**Exercise aim**
Under this line are records; the part from the line containing "A grayscale shot" through the line containing "MALL PRICE 2k." should be repeated exactly. Please exclude pictures.

**Data shown**

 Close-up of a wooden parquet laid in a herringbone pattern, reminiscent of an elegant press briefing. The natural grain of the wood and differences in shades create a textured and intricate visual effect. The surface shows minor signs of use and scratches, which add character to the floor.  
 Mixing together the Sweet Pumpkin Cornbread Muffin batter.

---

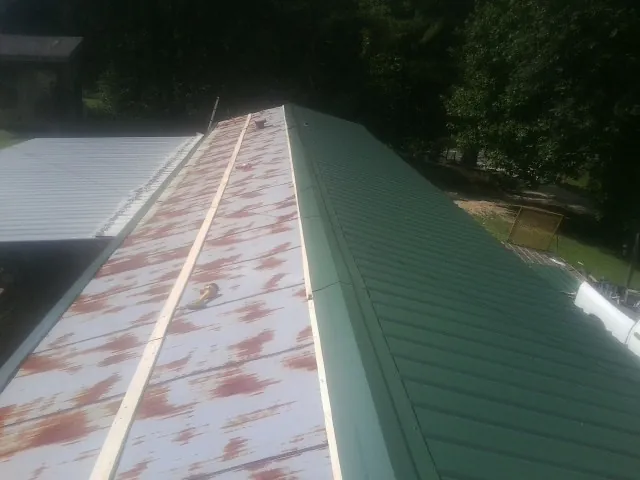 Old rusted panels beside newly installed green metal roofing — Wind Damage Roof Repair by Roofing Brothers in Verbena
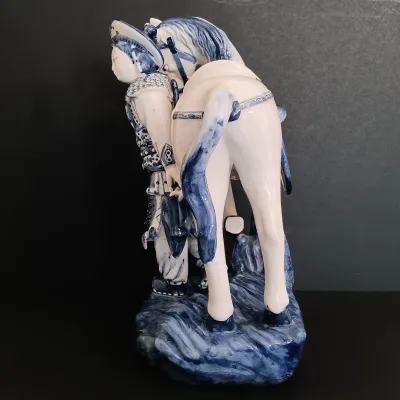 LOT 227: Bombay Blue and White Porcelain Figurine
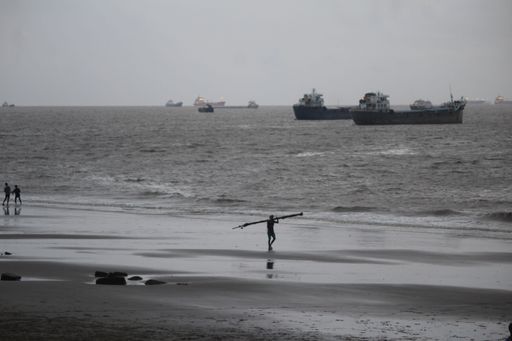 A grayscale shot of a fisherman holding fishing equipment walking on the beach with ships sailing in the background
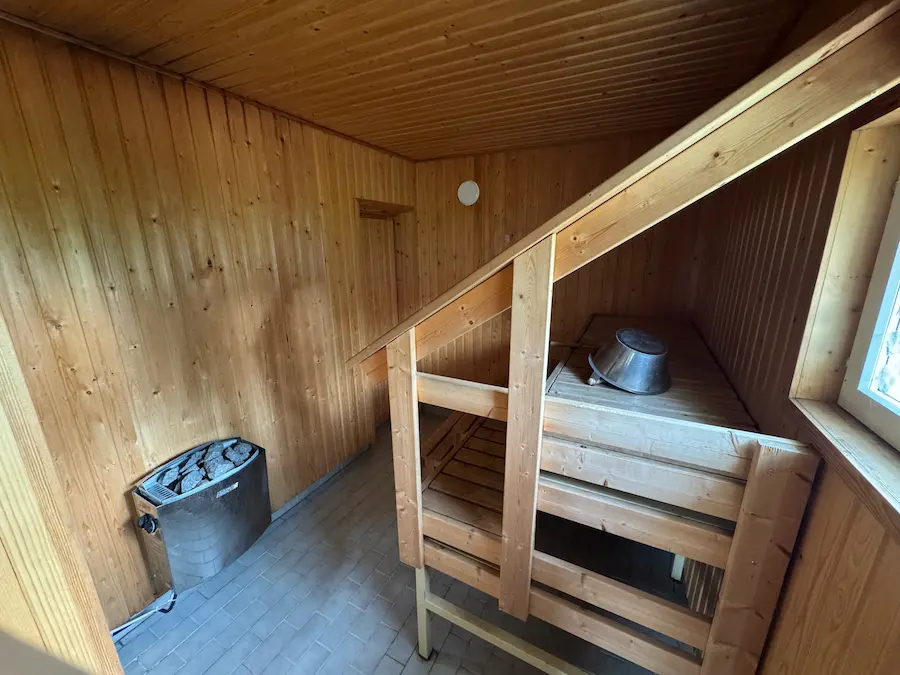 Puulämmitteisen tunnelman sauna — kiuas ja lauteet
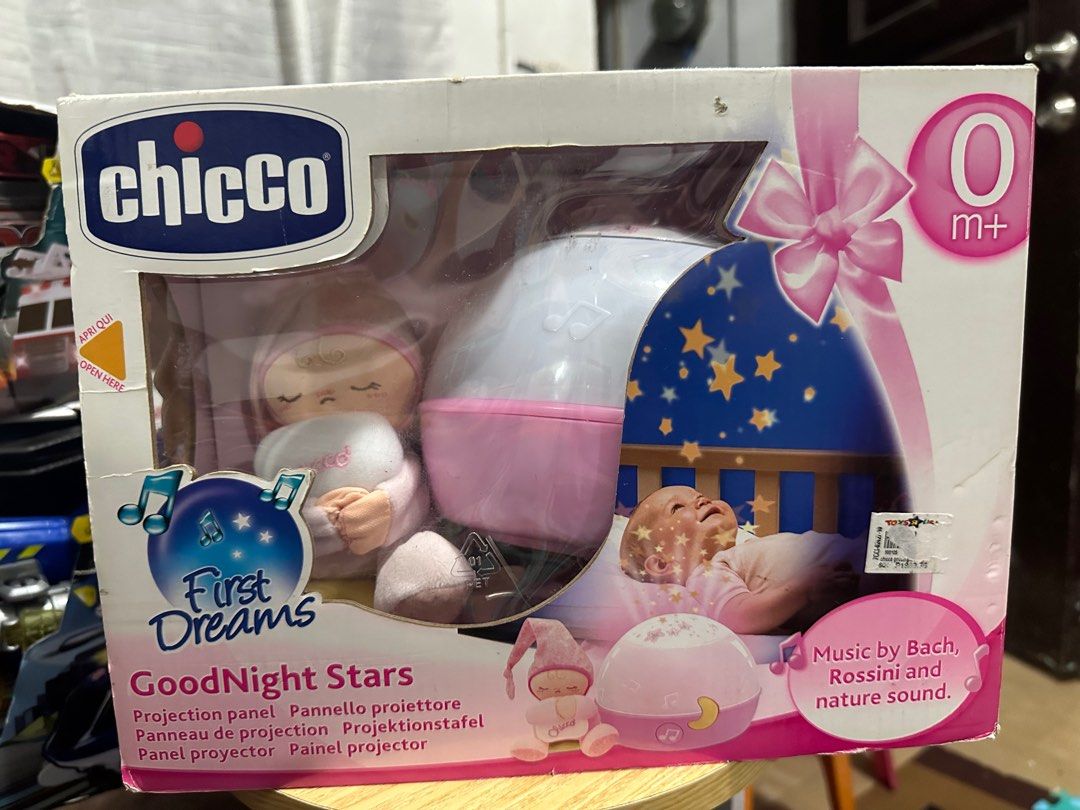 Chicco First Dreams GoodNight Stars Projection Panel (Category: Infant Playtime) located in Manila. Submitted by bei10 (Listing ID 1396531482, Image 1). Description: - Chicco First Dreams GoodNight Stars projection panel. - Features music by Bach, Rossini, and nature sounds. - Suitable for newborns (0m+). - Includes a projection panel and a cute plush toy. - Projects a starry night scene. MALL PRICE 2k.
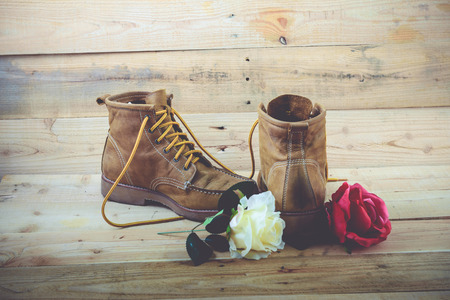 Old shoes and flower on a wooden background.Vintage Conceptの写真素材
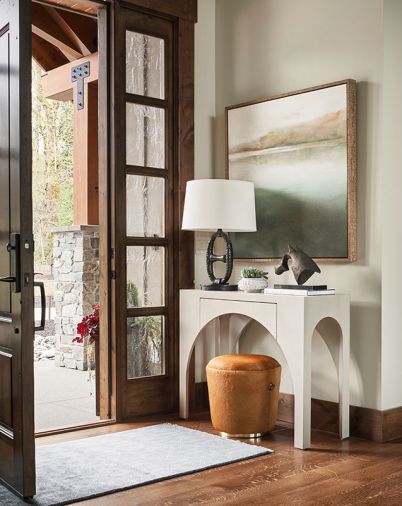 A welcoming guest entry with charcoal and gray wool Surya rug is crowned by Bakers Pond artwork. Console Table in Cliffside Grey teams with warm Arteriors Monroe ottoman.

==

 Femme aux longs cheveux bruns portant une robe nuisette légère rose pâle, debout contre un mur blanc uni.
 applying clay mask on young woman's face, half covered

**Result of this exercise**
 A grayscale shot of a fisherman holding fishing equipment walking on the beach with ships sailing in the background
 Puulämmitteisen tunnelman sauna — kiuas ja lauteet
 Chicco First Dreams GoodNight Stars Projection Panel (Category: Infant Playtime) located in Manila. Submitted by bei10 (Listing ID 1396531482, Image 1). Description: - Chicco First Dreams GoodNight Stars projection panel. - Features music by Bach, Rossini, and nature sounds. - Suitable for newborns (0m+). - Includes a projection panel and a cute plush toy. - Projects a starry night scene. MALL PRICE 2k.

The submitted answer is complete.